A pass-through entity is entitled to deduct 20% of qualified business income (which generally excludes service business income, although service businesses with income that falls below the annual threshold levels also qualify for the deduction). When income exceeds the relevant threshold, the deduction is capped at the greater of:

  • 50% of W-2 wage income, or
  • the sum of 25% of the W-2 wages of the business, plus 2.5% of the unadjusted basis, immediately after acquisition, of all qualified property. 

We asked two professors and authors of ALM’s Tax Facts with opposing political viewpoints — Robert Bloink and William H. Byrnes — to share their opinions about the impact of the Section 199A deduction as it currently exists.

Below is a summary of the debate that ensued between the professors.

thumbs up Byrnes
Thumbs down Bloink

Byrnes: This relatively new QBI deduction has essentially leveled the playing field between corporations and pass-through entities. When the corporate tax rate was slashed to 21%, business owners would have been making the choice between the potential 37% tax rate for pass-throughs and that much lower corporate tax rate. Making critical business decisions based solely on tax liability rarely results in the best outcome.
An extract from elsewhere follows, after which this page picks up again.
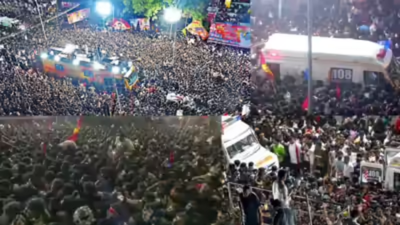 At 114, 2025 stampede toll 2nd-highest in recent years; Andhra tragedy sixth incident this year | India News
Bloink: The 20% QBI deduction has ended up offering yet another tax loophole for the wealthy. Yes, it’s beneficial for small business owners who might otherwise have been forced into the corporate structure. It’s also given wealthy corporations yet another option for reducing their federal income tax liability. 

Byrnes: Without the Section 199A deduction, small-business owners would be making choices with respect to choice of entity that are entirely based on federal tax issues, rather than the benefits of the business structure itself and the needs of the business. That’s bad for small-business owners, of course, but it also damages the economy as a whole. 199A was a necessary part of the puzzle with respect to tax reforms designed to boost business and strengthen the economy.

Bloink: The rules governing the Section 199A deduction are complicated and can easily be manipulated by high-net-worth taxpayers. While I’m not suggesting that we allow the 199A deduction to expire entirely, 199A was never intended to be a tax loophole for the wealthiest Americans to use as they please. Unfortunately, that’s how it’s often been used by wealthy Americans seeking to minimize their tax liability. Change is necessary.

Byrnes: In the end, without Section 199A, many small-business owners would probably have been forced to deal with the traditional corporate structure in order to be taxed fairly, which results in double taxation and isn’t really necessary for smaller businesses with less complex operations. Section 199A is important because it essentially works to level the playing field, at least from a pure tax perspective, between traditional C corporations and pass-through entities. The law already contains built-in income thresholds designed to prevent abuse.

Bloink: We need to impose clear and airtight income limits. As the rule stands, exceptions and qualifications currently exist to allow the wealthiest taxpayers to manipulate their situations to benefit from the deduction rather than paying their fair share.